Will Buyouts Play A Part In Allegion's (ALLE) Q1 Earnings?

 | Apr 22, 2018 11:00PM ET

Allegion plc (NYSE:ALLE) is scheduled to release first-quarter 2018 results on Apr 26, before the market opens. Last quarter, the company delivered positive earnings surprise of 18.1%. Notably, it surpassed the Zacks Consensus Estimate in three of the last four quarters with average earnings beat of 8.7%.

Acquisition is an important part of the company’s growth strategy. In 2017, acquisitions contributed 1.4% to revenue growth of 7.6%. The trend is expected to continue in the to-be-reported quarter as well. The company consistently expands its product portfolio, widens geographic footprint and enhances its position in strategic market segments through buyouts.

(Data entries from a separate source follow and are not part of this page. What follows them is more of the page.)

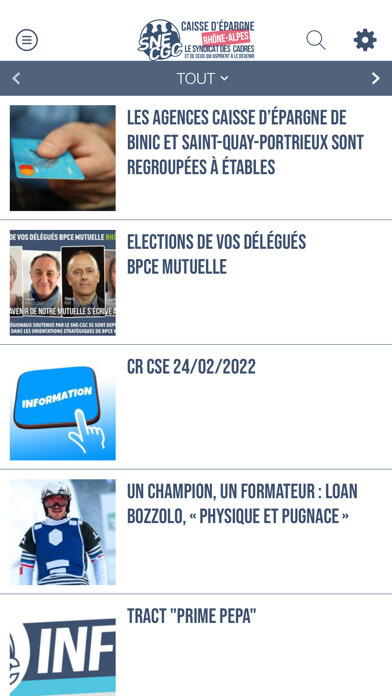 Emulate iPhone app SNE-CGC CERA using MyAndroid Emulate iPhone app SNE-CGC CERA using MyAndroid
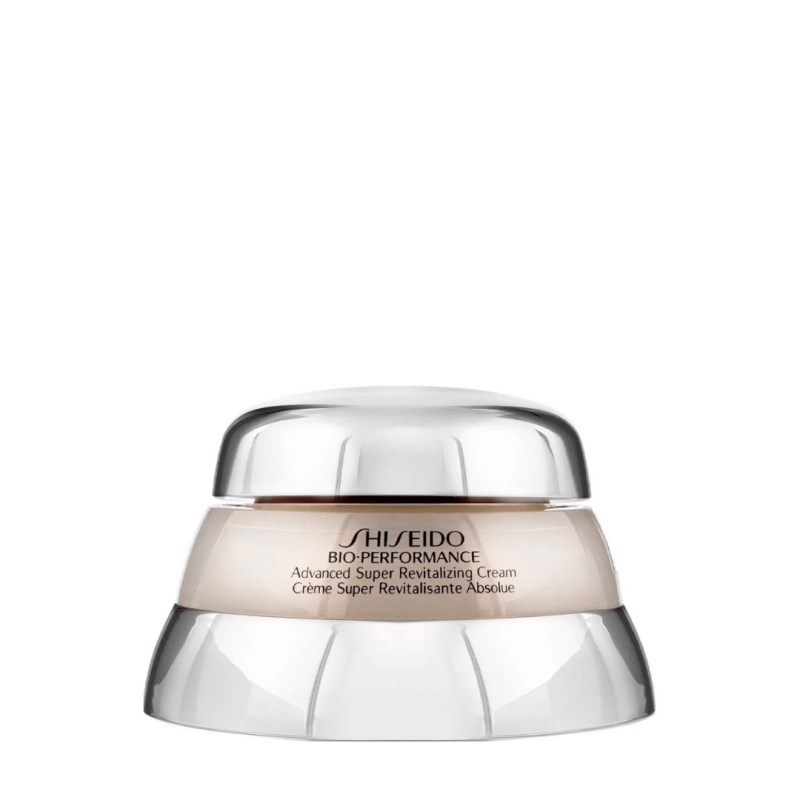 shiseido bio performance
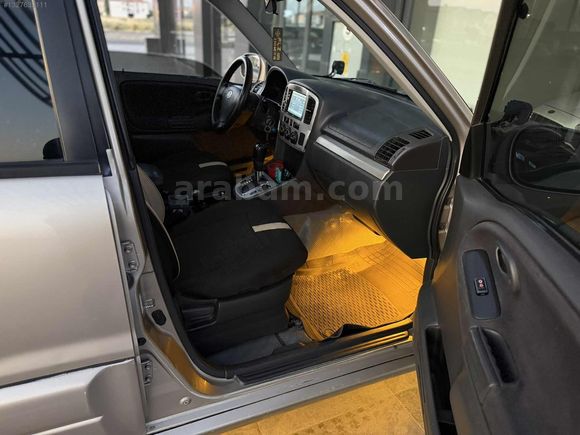 FLZ AUTO'DAN HATASIZ BOYASIZ OTOMATİK 4x4 VİTARA
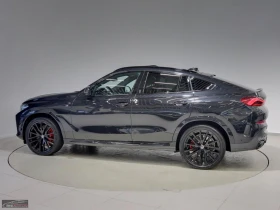 BMW X6 M50i/530HP/360/PANO/CAM/M-SPORT/AMBI/KLESS/475v | Mobile.bg    3
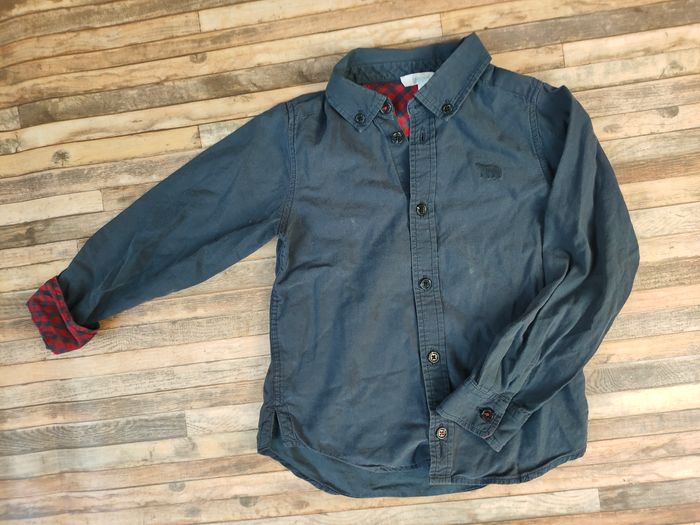 Lot de vêtements garçon 5 ans pour les fêtes/Noël 🎅🏻 - photo numéro 7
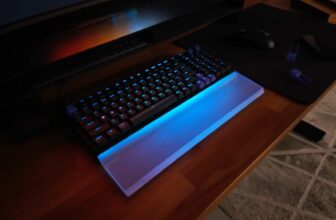 Logitech G512 X é bom? Review do teclado híbrido com switches mecânicos e magnéticos TMR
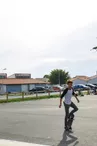 Skate Park de Sainte-Marie-de-Ré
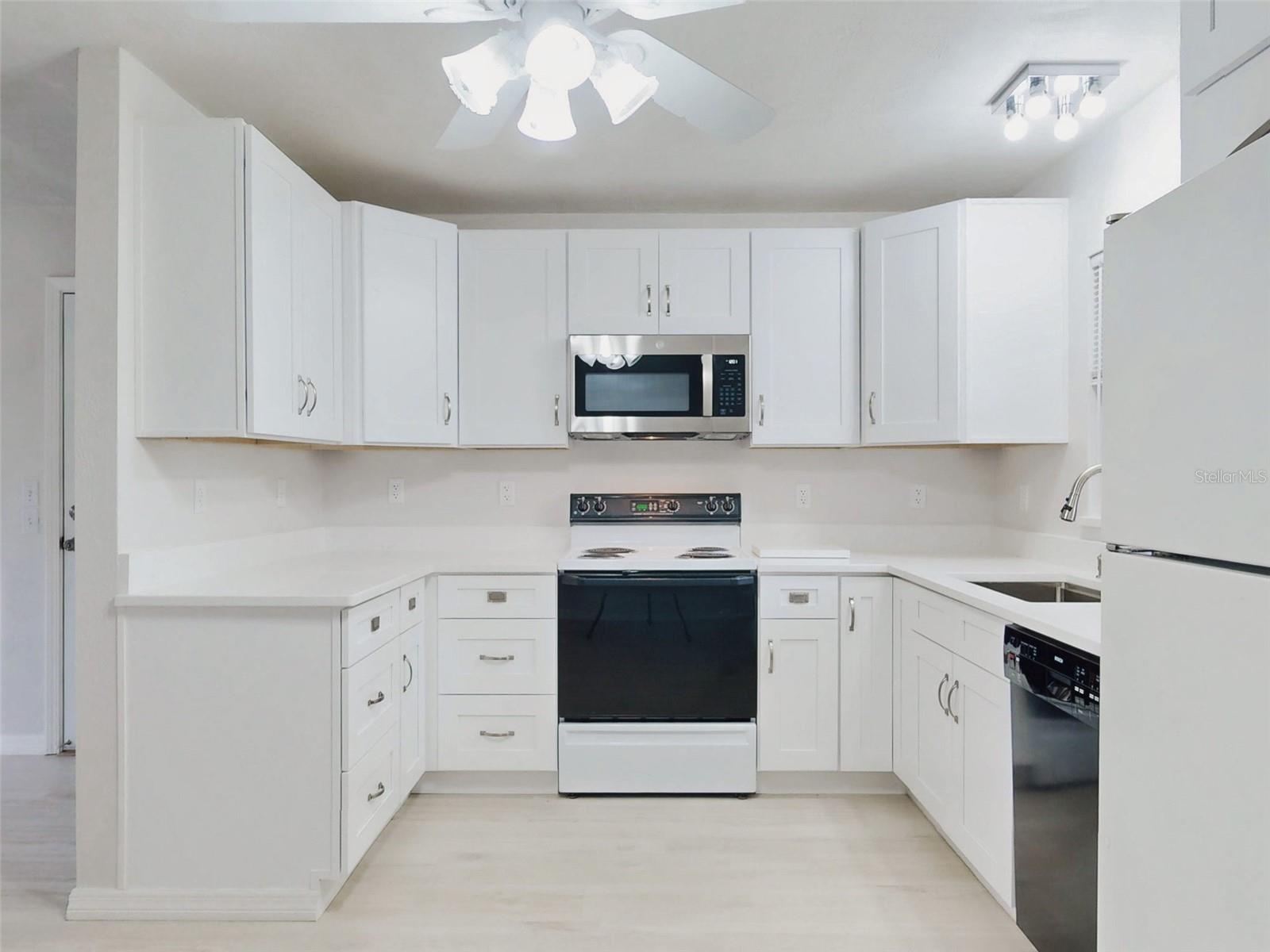 HIGHLAND SHORES SEC 02 - Residential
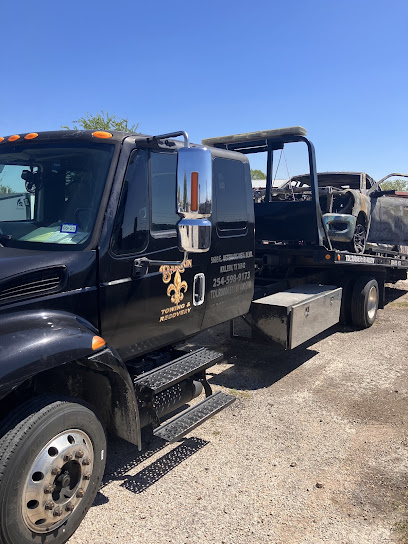 Bargain Towing & Recovery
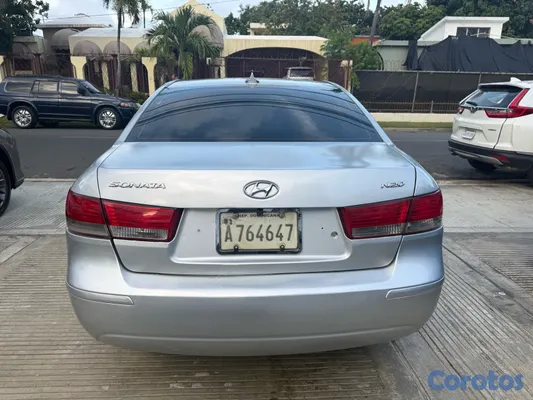 2013 Hyundai Sonata — foto 5 / 11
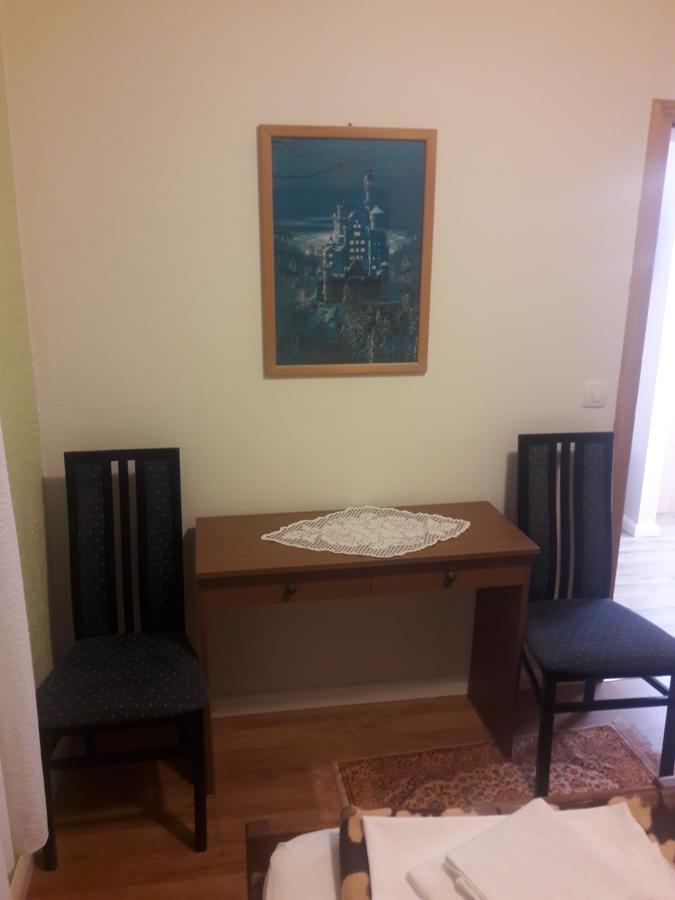 Roza Guest House Senj  Εξωτερικό φωτογραφία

The acquisition of Aurora Systems in March 2018 is expected to enhance product line, improve operating efficiency and expand distribution footprint. In February, the company acquired one of Middle East’s largest manufacturers of commercial steel and wood doors and frames, Qatar Metal Industries. With the addition of Qatar Metal, Allegion will be able to expand its code-compliant products to include doors in the Middle Eastern market. In January, Allegion acquired leading North American manufacturer of advanced fire-rated entrance and wall systems, Technical Glass Products or TGP, which is expected to enhance the company’s core product lines.

These acquisitions are expected to prove accretive to Allegion’s earnings in the to-be-reported quarter.

Let us delve into other factors that might impact Q1 results.

Strong Americas Business

Out of the three reportable segments, Allegion’s Americas segment has been witnessing strong growth for quite some time. Accounting for about 73% of total revenues, the segment’s revenues increased 7.4% in 2017 driven by favorable price and strength in electronic product. The trend is expected to continue in the to-be-reported quarter as well. Focused investments toward channel segmentation and product innovation will continue to boost the segment. The company expects segment revenues in the 10-11% range in 2018.

Innovative Products Drives Demand

Product innovation led to an increase in demand, thereby driving revenues. Allegion consistently updates its products and develops new ones to keep up with the changing market sentiment toward electronic security products and solutions. It is also trying to chalk out channel strategies and gain enterprise excellence to accelerate core market expansion. These initiatives are expected to contribute to first quarter revenues.

In spite of various investments, the company’s margins continued to increase, expanding 140 basis points (bps) in 2017. The upside was driven by solid price performance, volume leverage and productivity, which offset negative impacts from increased investments and inflation. The trend is expected to continue in the to-be-reported quarter as well.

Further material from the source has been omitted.